Work instruction
Repeat exactly the lines of the records below, starting at the line containing "Front. Best Choice" and ending at the line containing "Nivea Black &". Leave the pictures out.

Data to process
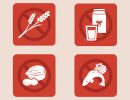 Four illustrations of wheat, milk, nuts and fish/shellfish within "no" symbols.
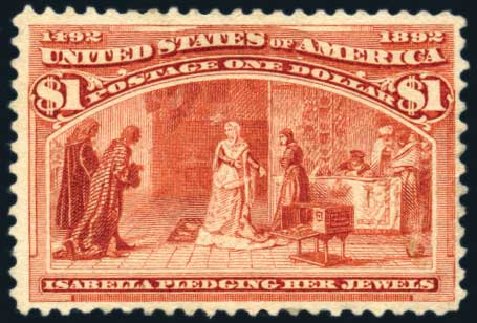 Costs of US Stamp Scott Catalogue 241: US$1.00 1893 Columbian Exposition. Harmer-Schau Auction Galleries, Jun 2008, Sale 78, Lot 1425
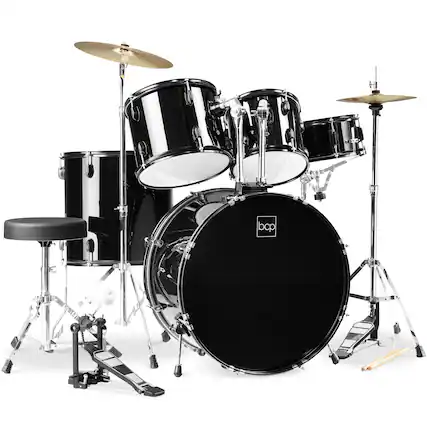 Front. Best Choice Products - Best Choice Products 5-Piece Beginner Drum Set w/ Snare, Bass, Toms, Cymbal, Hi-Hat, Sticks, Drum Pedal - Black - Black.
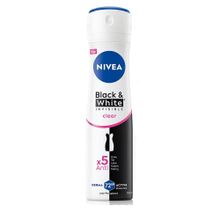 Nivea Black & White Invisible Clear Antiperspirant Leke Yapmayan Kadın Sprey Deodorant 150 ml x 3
...
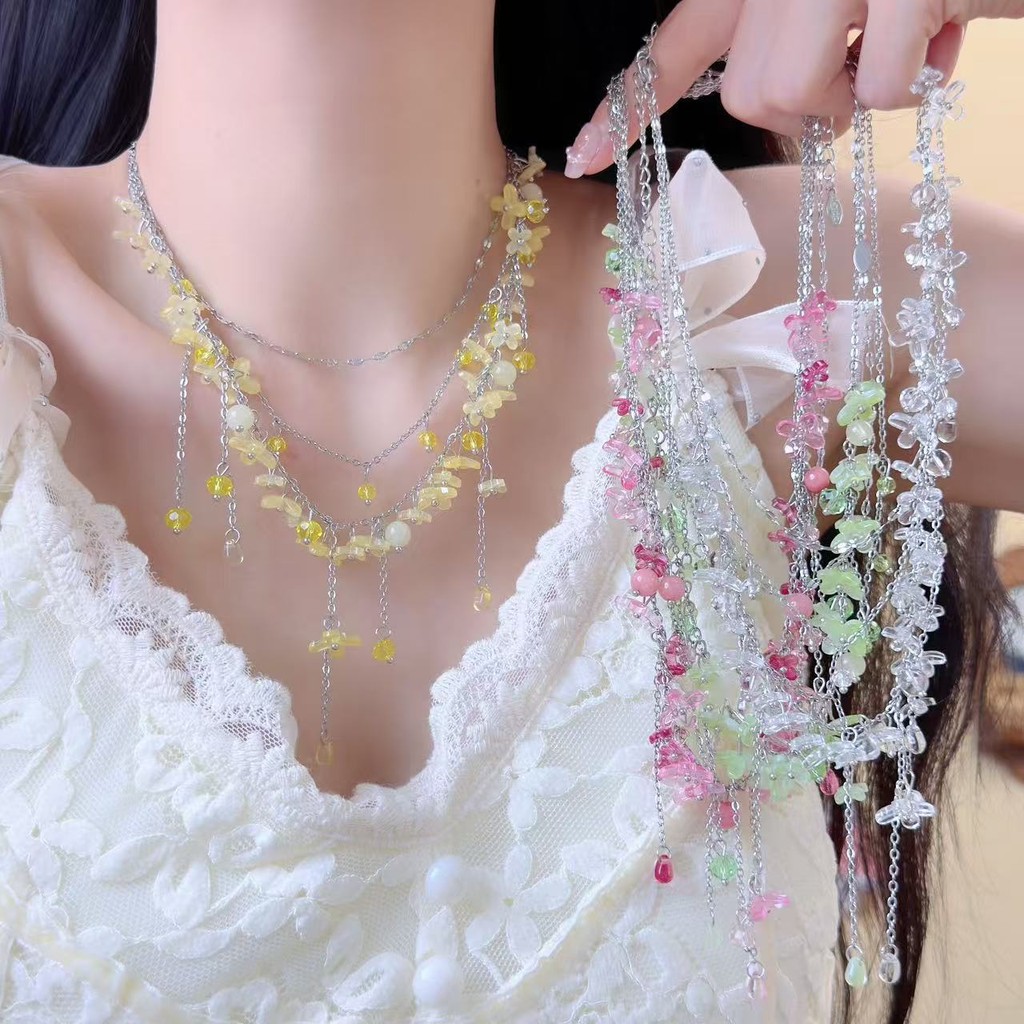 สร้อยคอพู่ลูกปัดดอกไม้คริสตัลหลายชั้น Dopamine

Answer space
 Front. Best Choice Products - Best Choice Products 5-Piece Beginner Drum Set w/ Snare, Bass, Toms, Cymbal, Hi-Hat, Sticks, Drum Pedal - Black - Black.
 Nivea Black & White Invisible Clear Antiperspirant Leke Yapmayan Kadın Sprey Deodorant 150 ml x 3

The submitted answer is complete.